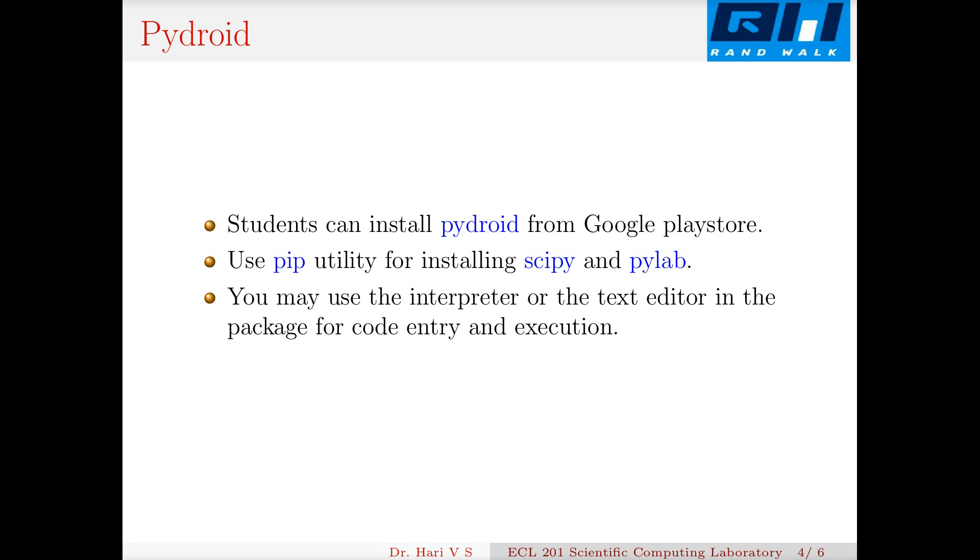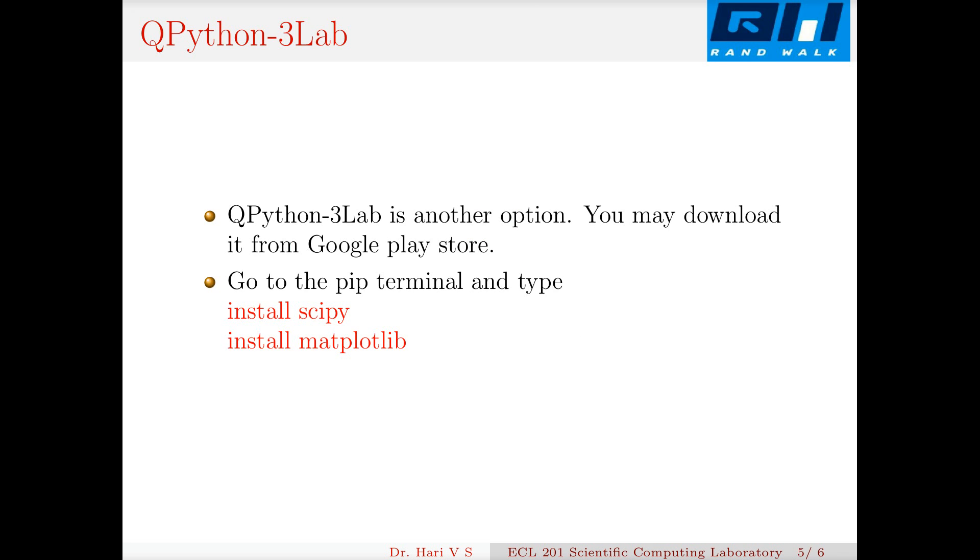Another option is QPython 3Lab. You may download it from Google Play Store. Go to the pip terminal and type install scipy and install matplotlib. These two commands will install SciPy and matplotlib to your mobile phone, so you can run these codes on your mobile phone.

━━━━━━━━━━━━━━━━━━━━━━━━━━━━━━

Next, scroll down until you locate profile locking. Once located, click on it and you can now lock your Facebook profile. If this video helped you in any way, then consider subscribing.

━━━━━━━━━━━━━━━━━━━━━━━━━━━━━━

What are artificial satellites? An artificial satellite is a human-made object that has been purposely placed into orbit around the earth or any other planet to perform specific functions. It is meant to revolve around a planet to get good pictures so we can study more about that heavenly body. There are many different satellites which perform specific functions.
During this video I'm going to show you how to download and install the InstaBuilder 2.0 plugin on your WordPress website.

━━━━━━━━━━━━━━━━━━━━━━━━━━━━━━

Work to be completed:
Of the lines above, retype only those from the line containing "What are artificial" through the line containing "During this video", including both, exactly.

The answer:
What are artificial satellites? An artificial satellite is a human-made object that has been purposely placed into orbit around the earth or any other planet to perform specific functions. It is meant to revolve around a planet to get good pictures so we can study more about that heavenly body. There are many different satellites which perform specific functions.
During this video I'm going to show you how to download and install the InstaBuilder 2.0 plugin on your WordPress website.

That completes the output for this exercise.